The government’s continued dependence on donors to finance its budget, its failure to implement fully the year 2011/12 budget and high recurrent expenditure in the forthcoming budget look to be major sources of heated debate when parliamentarians start discussing the 2012/13 budget next week.
Most legislators have expressed eagerness to contribute to the debate, slated for June 18 through June 21 as some began registering their names even before the budget was tabled in the National Assembly on Thursday.
A number of legislators who spoke to The Guardian shortly after Minister for Finance and Economic Affairs Dr. William Mgimwa had read the budget speech expressed their dissatisfaction with several areas in which, they said, the government had failed to show due seriousness and commitment in the public interest.
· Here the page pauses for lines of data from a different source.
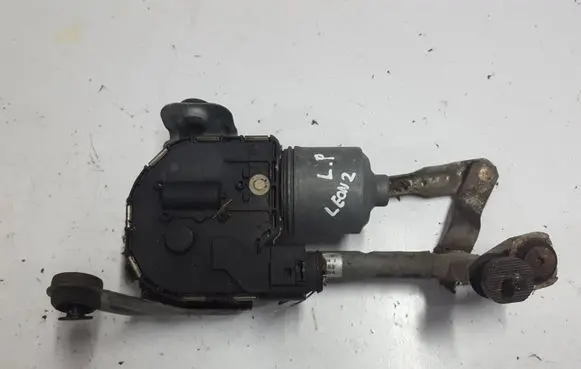 Seat Leon (1P) Front wiper linkage and motor 1P0955023CXAUTOPX 1P0955023C 1P0955119B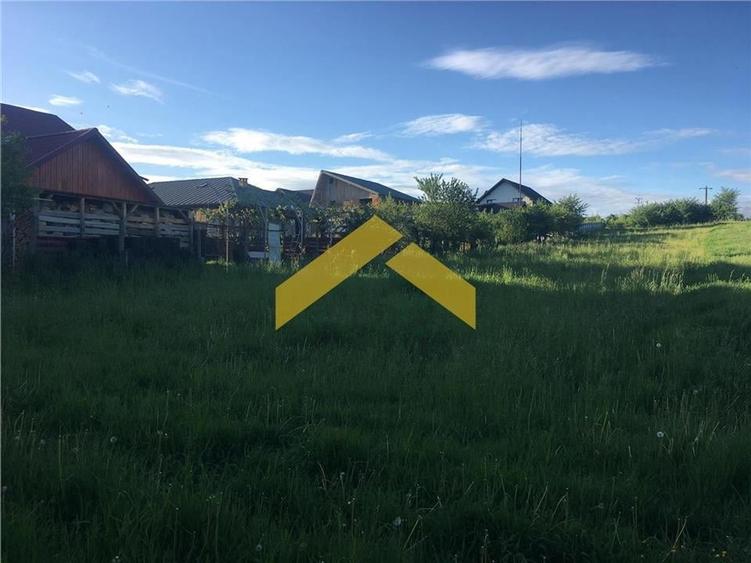 Teren 6,300 MP +casa de vanzare in orasul Falticeni - 5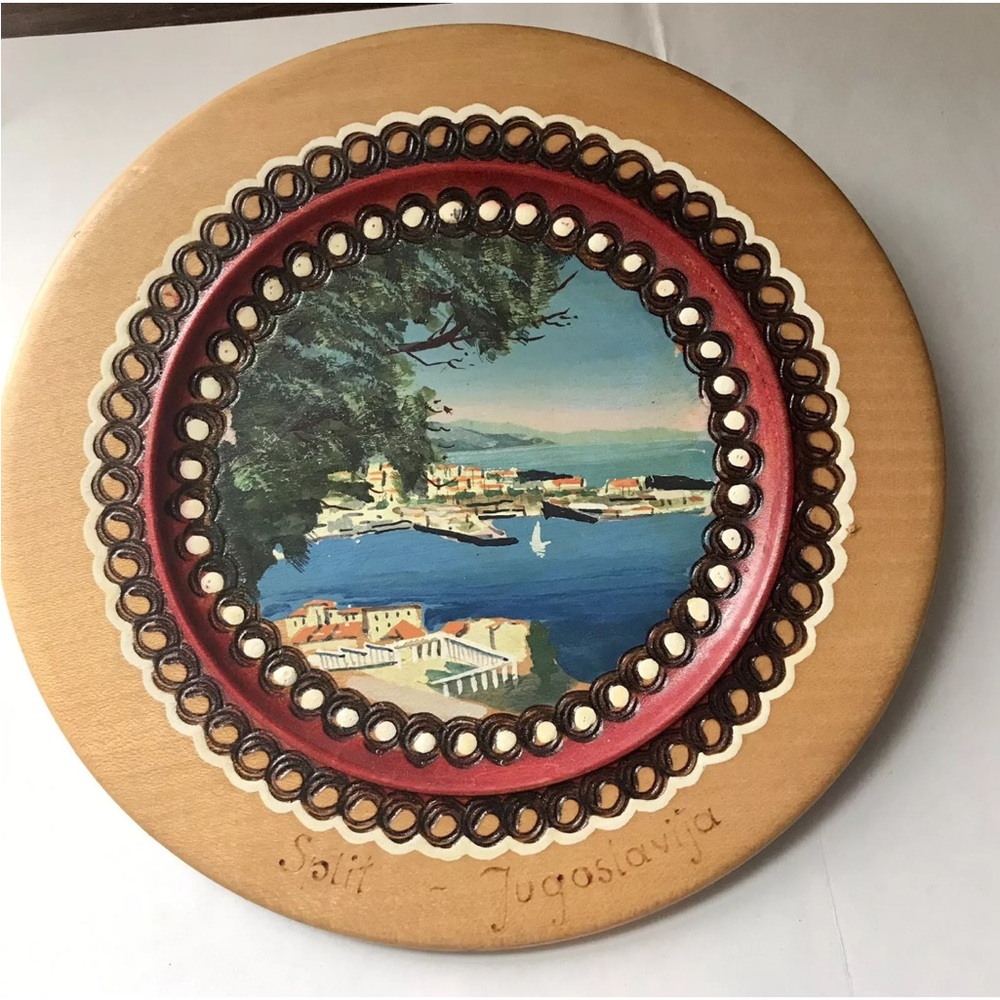 VTG Hand Painted Wooden Plate Split Yugoslavia Croatia Wood Folk Art Wall Decor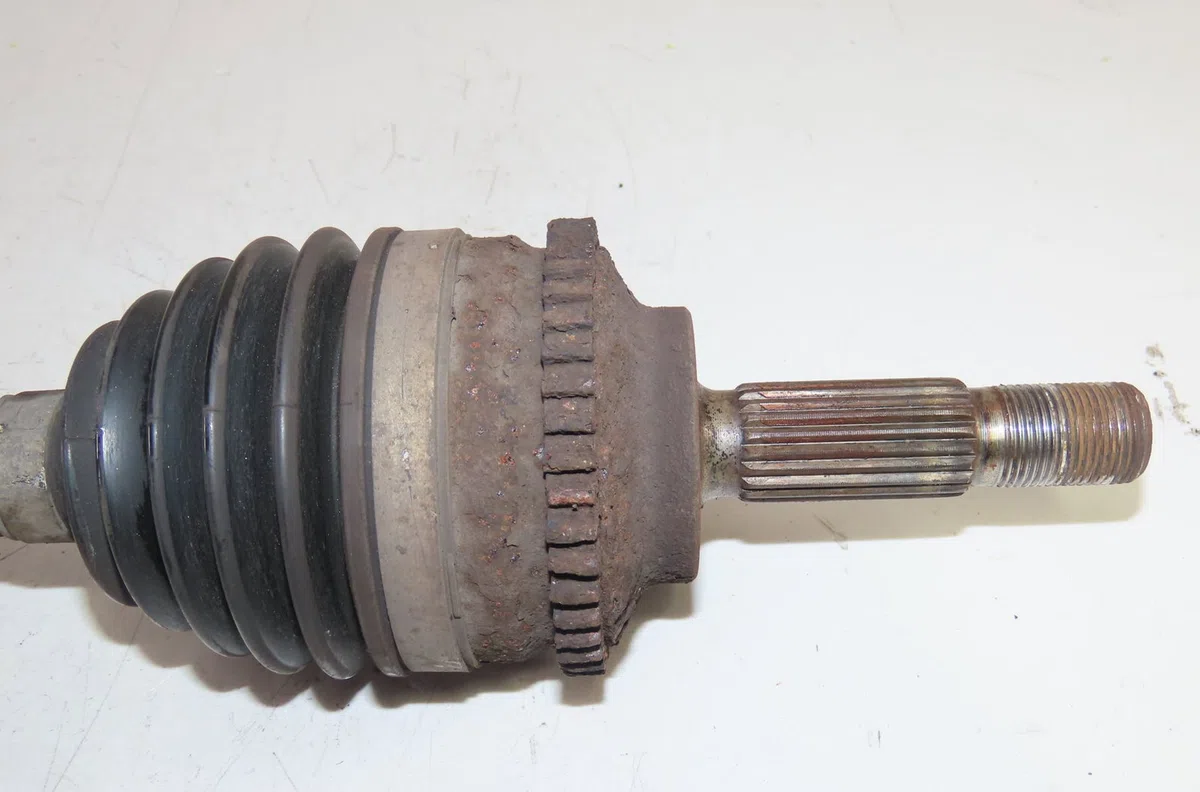 Transmission avant gauche Renault CLIO II (BB_, CB_) 1.5 dci (b-cb07) (2001-2009) 3 portes occasion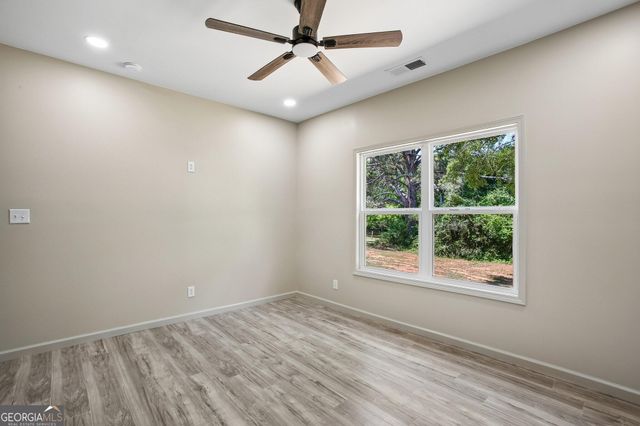 124 Johnson Street, Barnesville, GA 30204
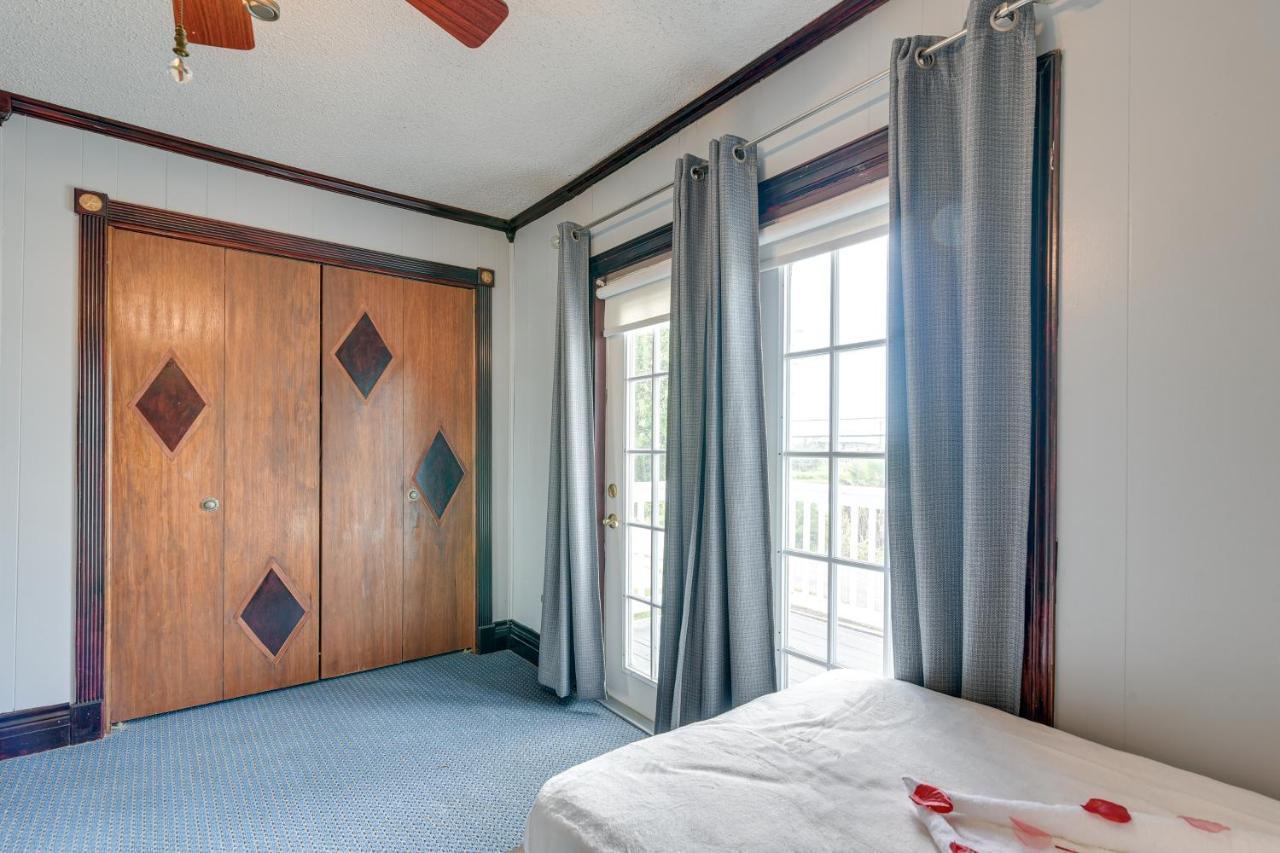 Waterfront Galveston Bay Retreat - 4 Mi To Beach! Екстер'єр фото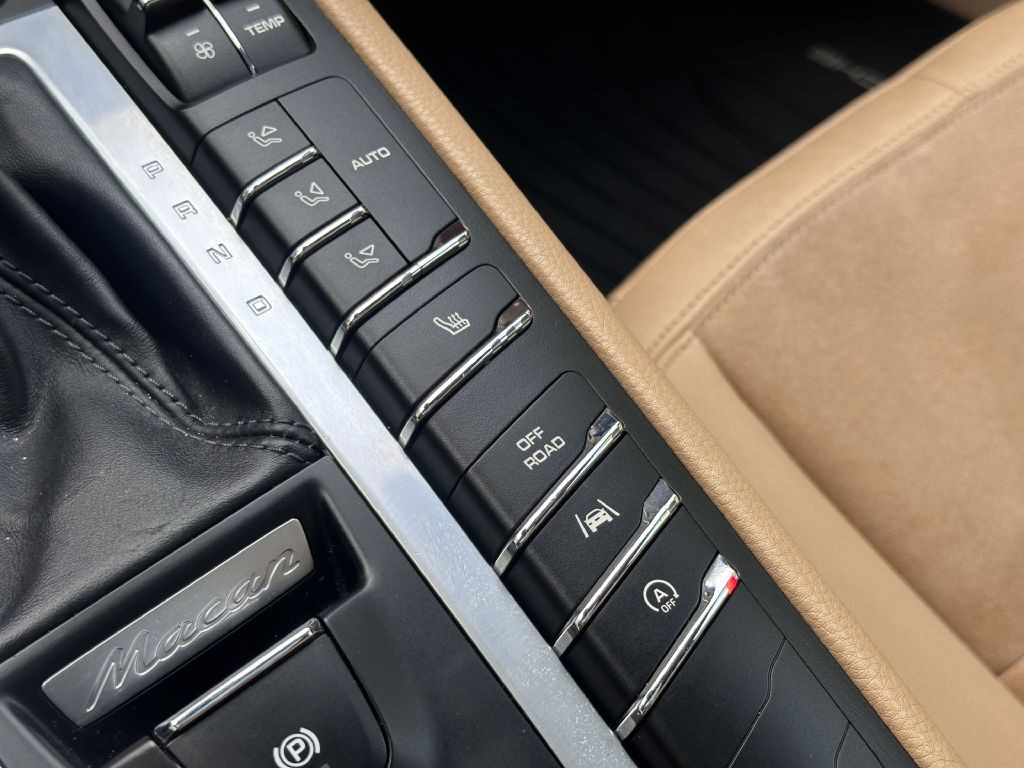 2017 Porsche Macan Image 48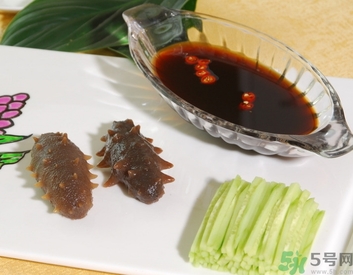 海參可以和雞蛋一起吃嗎？海參可以和雞一起煲湯嗎？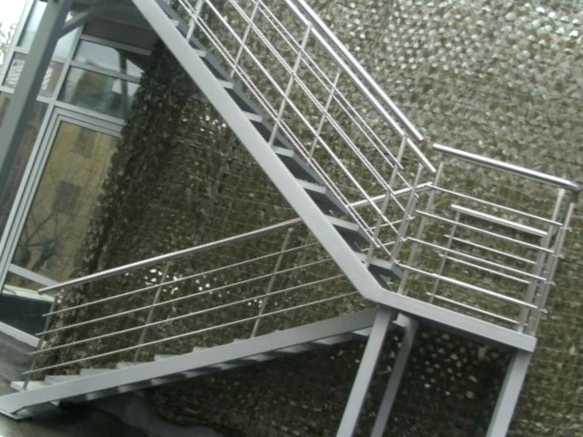 Сходи та сходи для побутової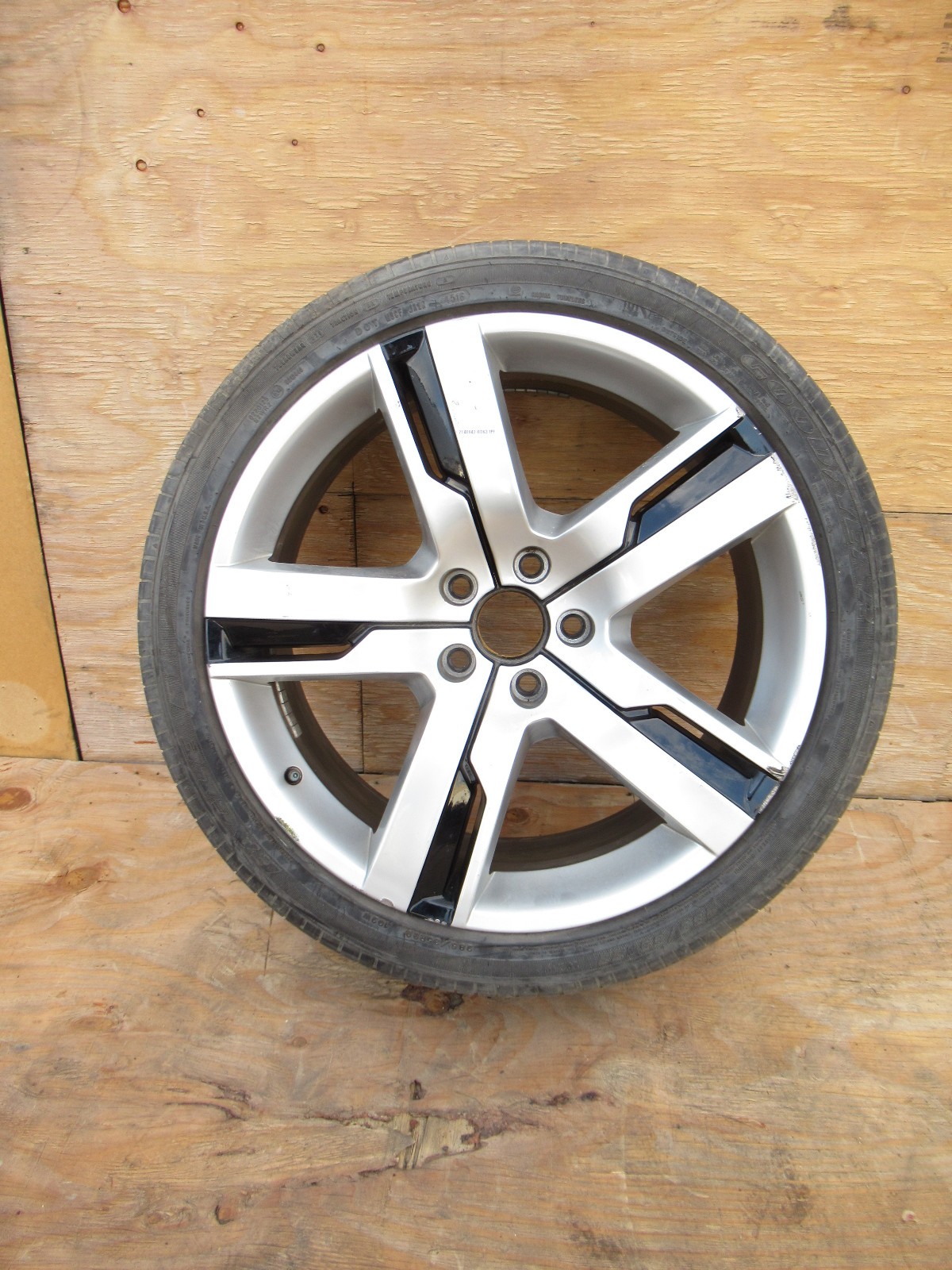 2012 Fisker Karma 22x9.5 Wheel Tire Used 5 Spoke Aluminum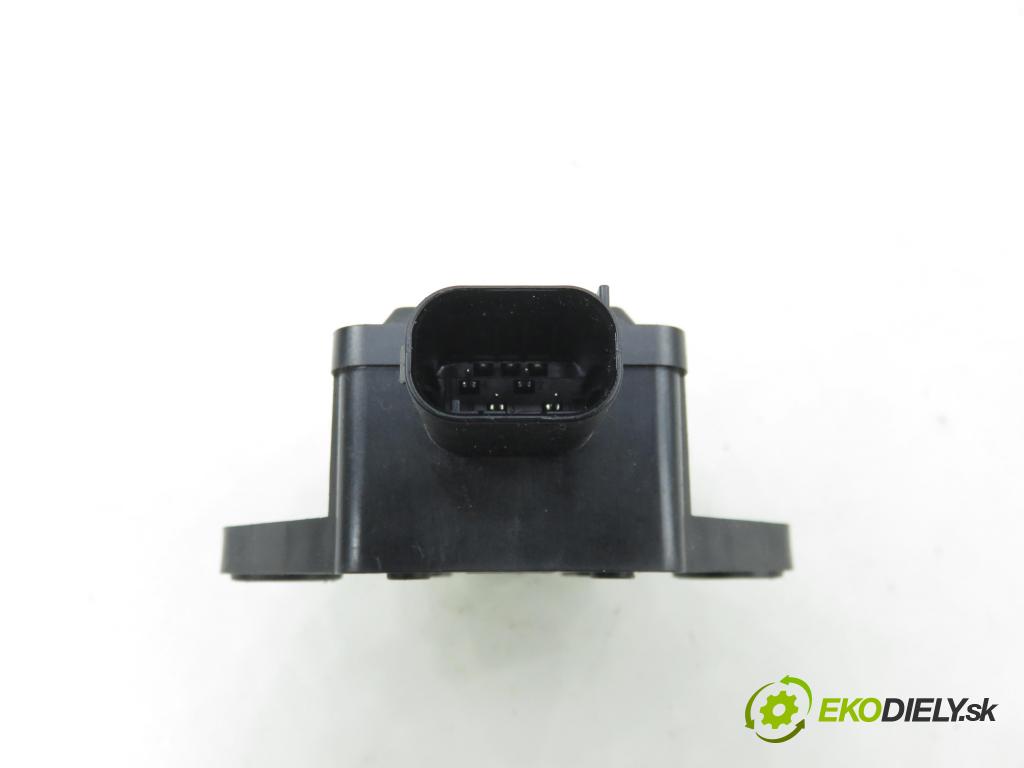 TOYOTA COROLLA Verso (ZER_, ZZE12_, R1_) VAN 2004 85,00 2.0 D-4D (CUR10_) - 1CD-FTV 1995,00 Snímač ESP 0265005273 ; 8919305020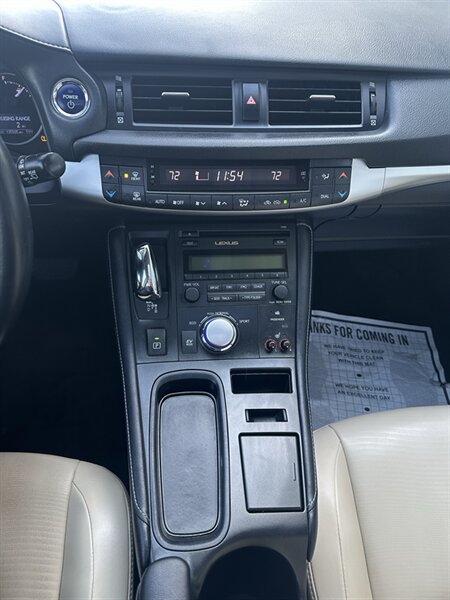 2013 Lexus CT 200h Hybrid - Photo 33 - San Rafael, CA 94901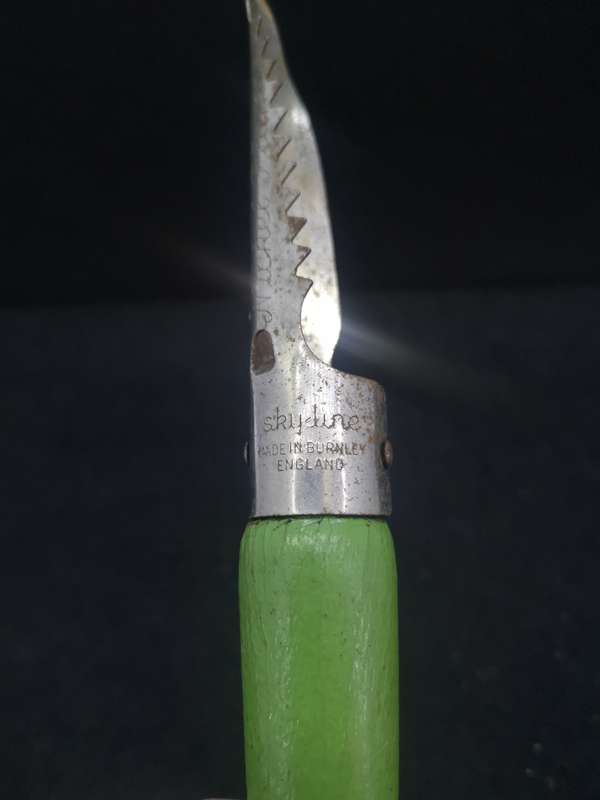 Skyline veg cutter with green wooden handle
Moses Machali, MP for Kasulu Urban (NCCR-Mageuzi) said the budget was not realistic, adding that he did not expect anything new in the presented budget estimates as they were simply full of figures as in past budgets.
“I doubt the government’s commitment and seriousness to implement this budget. Look at what happened to the 2011/12 budget. Most local governments received less than 30 per cent of the funds which were allocated to development projects. How can they implement the lined up projects without money?” Machali queried.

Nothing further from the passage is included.